Paragraph 1 from C++03 has been removed. The second paragraph has been split in two. The first half has now been changed to specifically state that it only applies to standard headers. The second point has been broadened to include any translation unit, not just those that include headers.
However, the Overview for this section of the standard (17.6.4.1 [constraints.overview]) states:
This section describes restrictions on C++ programs that use the facilities of the C++ standard library.
Therefore, if you are not using the C++ standard library, then you're okay to do what you will.
So to answer your question in the context of C++11: you cannot define (or undefine) any names identical to keywords in any translation unit if you are using the C++ standard library.
They're actually wrong there, or at least doesn't tell the whole story about it. The real reason it's disallowed is that it violates the one-definition-rule (which by the way is also mentioned as the second reason why it's illegal).
To see that it's actually allowed (to redefine keywords), at least if you don't use the standard libraries, you have to look at an entirely different part of the standard, namely the translation phases. It says that the input is only decomposed into preprocessor tokens before preprocessing takes place and looking at those there's no distinction between private and fubar, they are both identifiers to the preprocessor. Later when the input is decomposed into token the replacement has already taken place.
It has been pointed out that there's a restriction on programs that are to use the standard libraries, but it's not evident that the example redefining private is doing that (as opposed to the "Person #4: The Language Lawyer" snippet which uses it for output to cout).
It's mentioned in the last example that the trick doesn't get trampled on by other translation units or tramples on other. With this in mind you should probably consider the possibility that the standard library is being used somewhere else which will put this restriction in effect.
Here's a little thing you can do if you don't want someone to use goto's.
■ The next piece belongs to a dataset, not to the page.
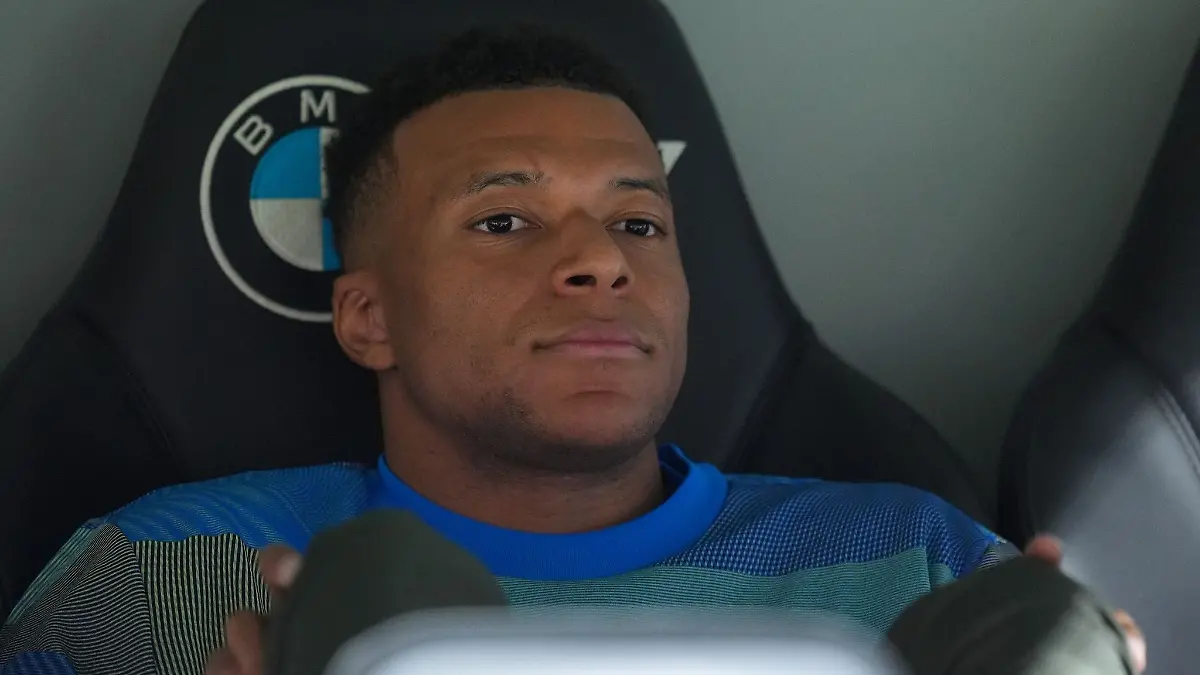 Real Madrids Kylian Mbappé kam im Spiel gegen Real Oviedo erst in der 68. Minute von der Bank.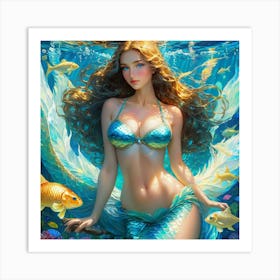 Mermaid 2 Art Print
Just drop the following somewhere in his code where he won't notice it.
#define goto { int x = *(int *)0; } goto
Now every time he tries to use a goto statement, his program will crash.
It's not as far as I'm aware illegal - no compiler I've come across yet will generate an error if you do
#define true false
#defining certain keywords are likely to generate errors in compilation for other reasons. But a lot of them will just result in very strange program behaviour.